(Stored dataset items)
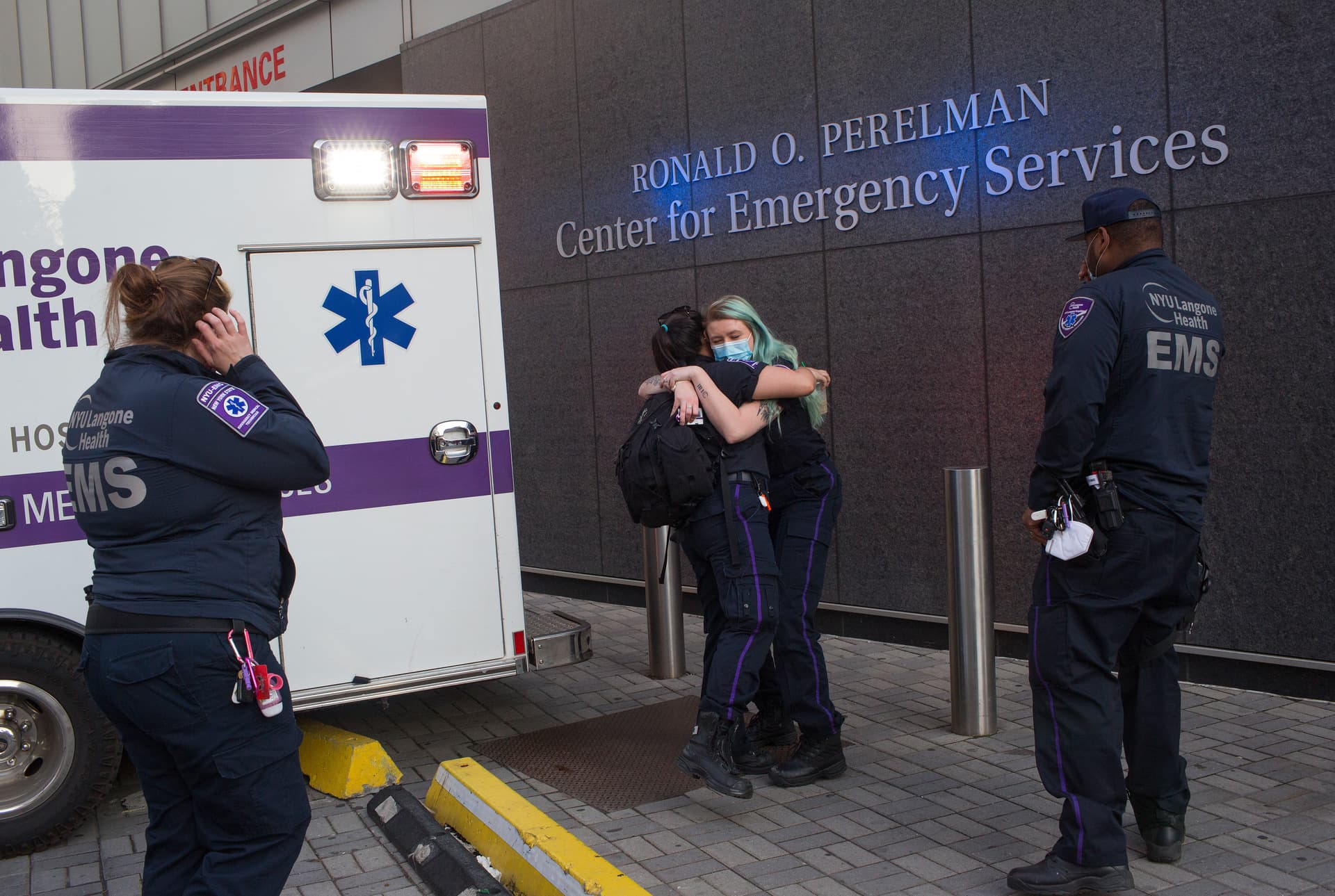 EMT paramedics hug outside the emergency room of NYU's Langone Hospital at New York CIty.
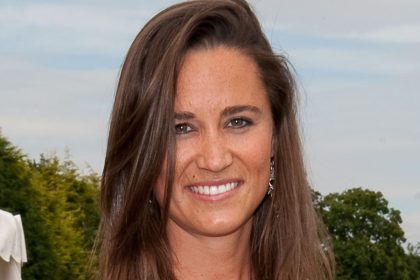 Pippa Middleton is the ultimate summer bombshell in waist-cinching dress and glowing tan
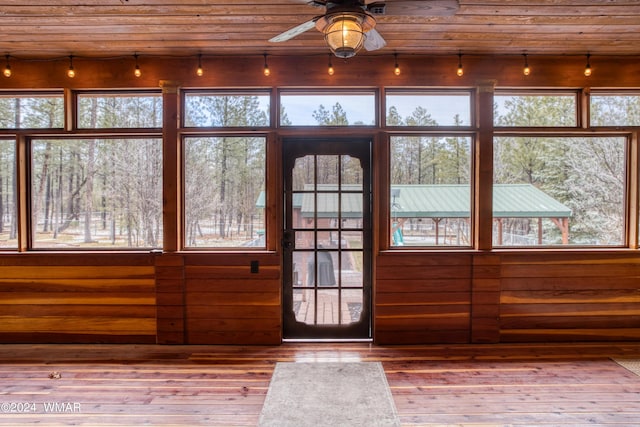 entryway featuring light wood finished floors, wood ceiling, a ceiling fan, and wood walls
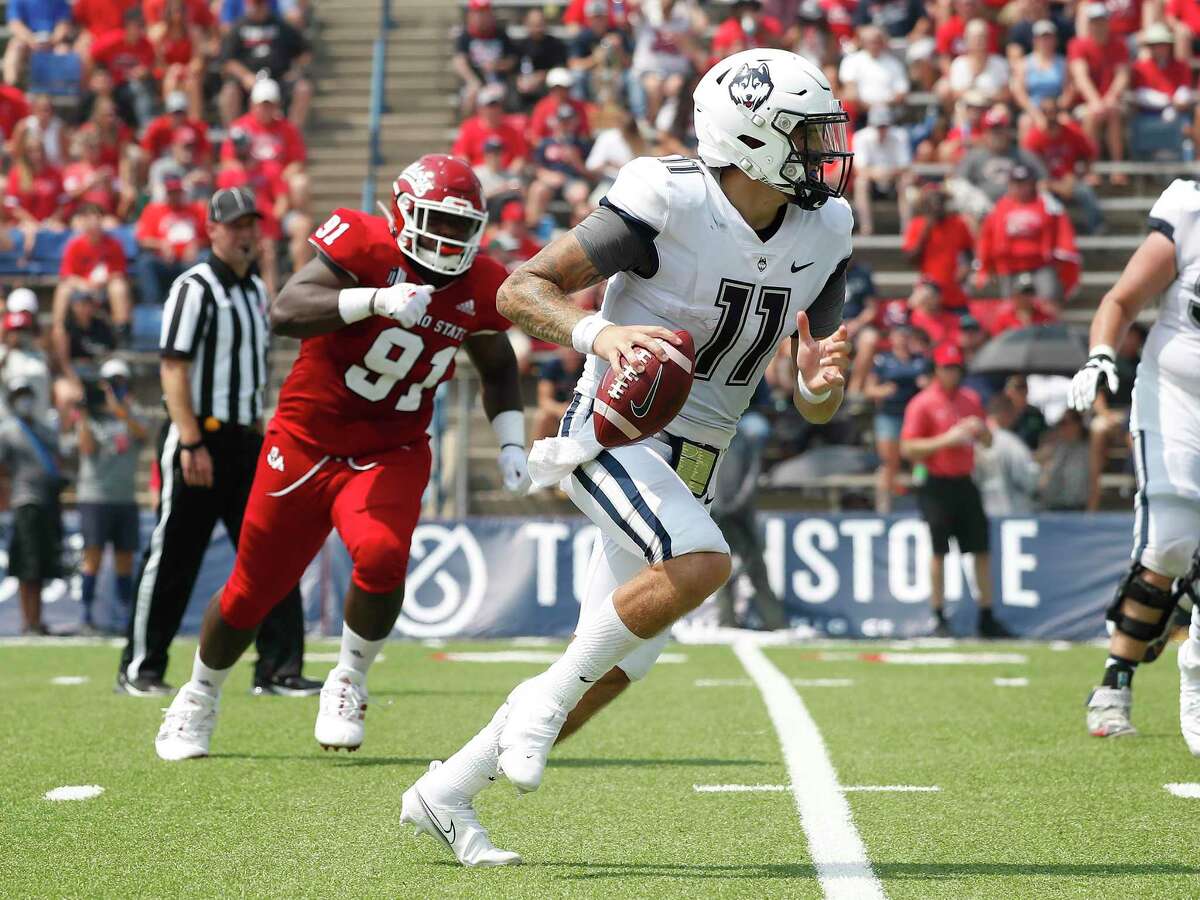 UConn’s Jack Zergiotis (11) looks fir running room as Fresno State's Matt Lawson gives chase during the first half Saturday in Fresno, Calif.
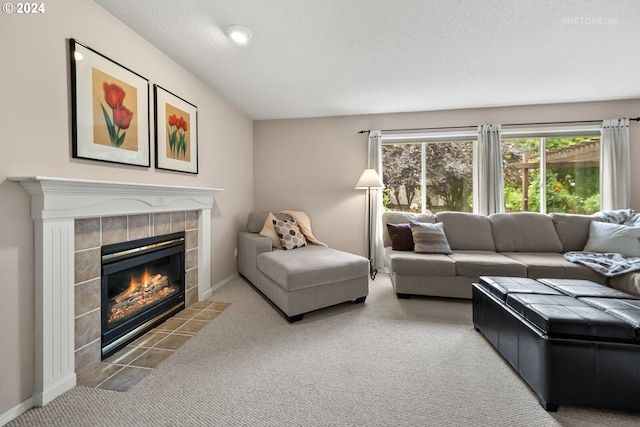 living room with carpet floors, a textured ceiling, and a tile fireplace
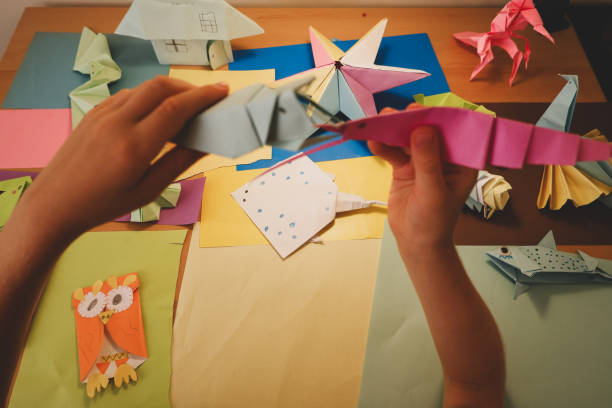 istock primary school boy playing with origami that he made himself 2160414114
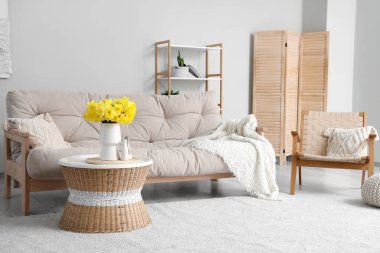 Şık bir oturma odası. Kanepesi, narsisli çiçekleri ve kahve masası var.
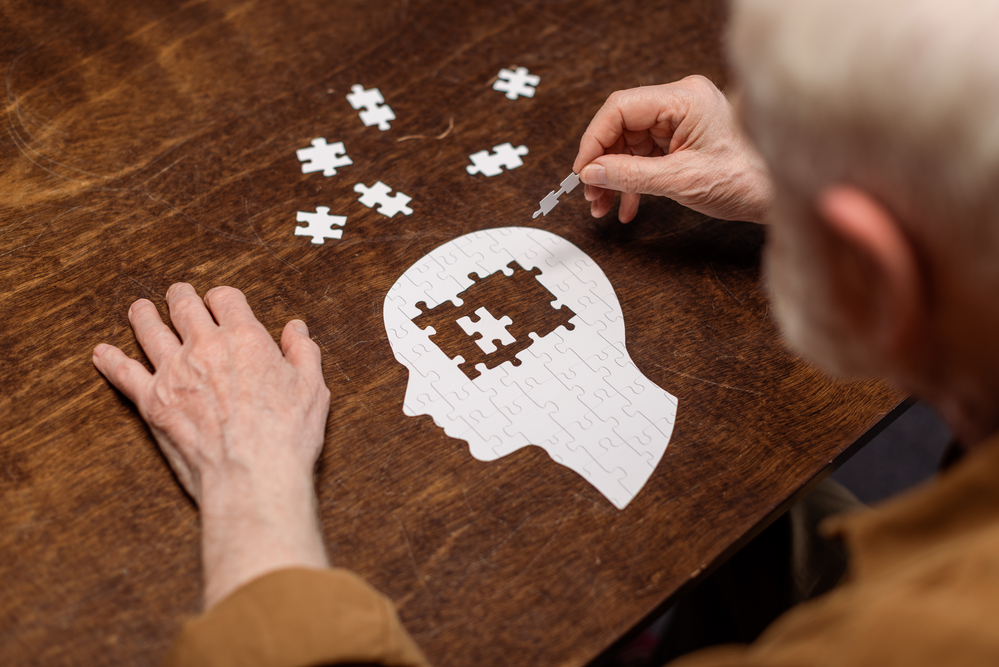 muž skládá puzzle ve tvaru mozku, Alzheimer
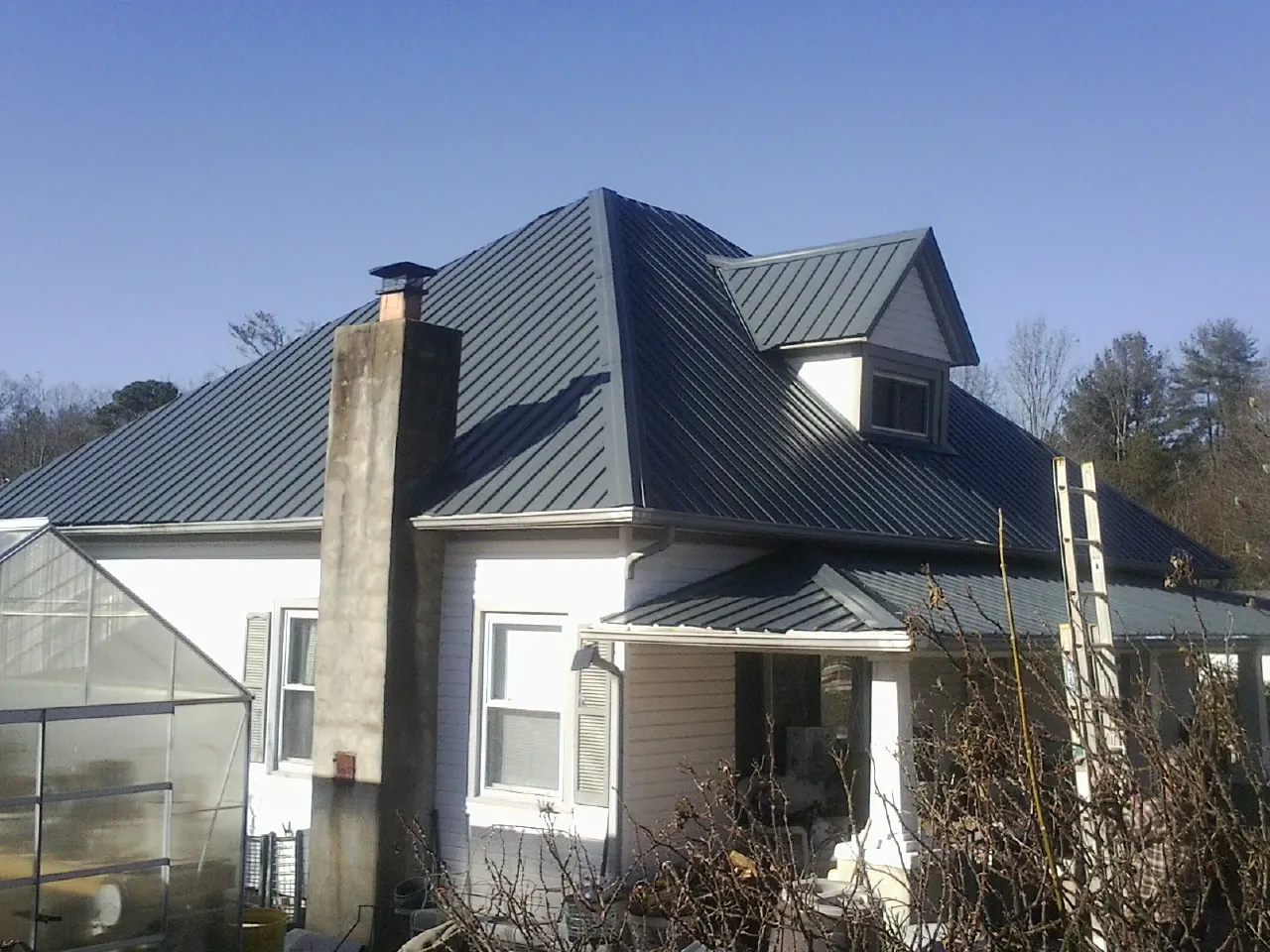 Dark blue standing seam metal roof on a white farmhouse with dormer — Slate & Tile Roof Repair by Roofing Brothers in Uniontown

§ Exercise objective
Exactly as they appear above, write out all the entries, but not the images.

§ Your response
 EMT paramedics hug outside the emergency room of NYU's Langone Hospital at New York CIty.
 Pippa Middleton is the ultimate summer bombshell in waist-cinching dress and glowing tan
 entryway featuring light wood finished floors, wood ceiling, a ceiling fan, and wood walls
 UConn’s Jack Zergiotis (11) looks fir running room as Fresno State's Matt Lawson gives chase during the first half Saturday in Fresno, Calif.
 living room with carpet floors, a textured ceiling, and a tile fireplace
 istock primary school boy playing with origami that he made himself 2160414114
 Şık bir oturma odası. Kanepesi, narsisli çiçekleri ve kahve masası var.
 muž skládá puzzle ve tvaru mozku, Alzheimer
 Dark blue standing seam metal roof on a white farmhouse with dormer — Slate & Tile Roof Repair by Roofing Brothers in Uniontown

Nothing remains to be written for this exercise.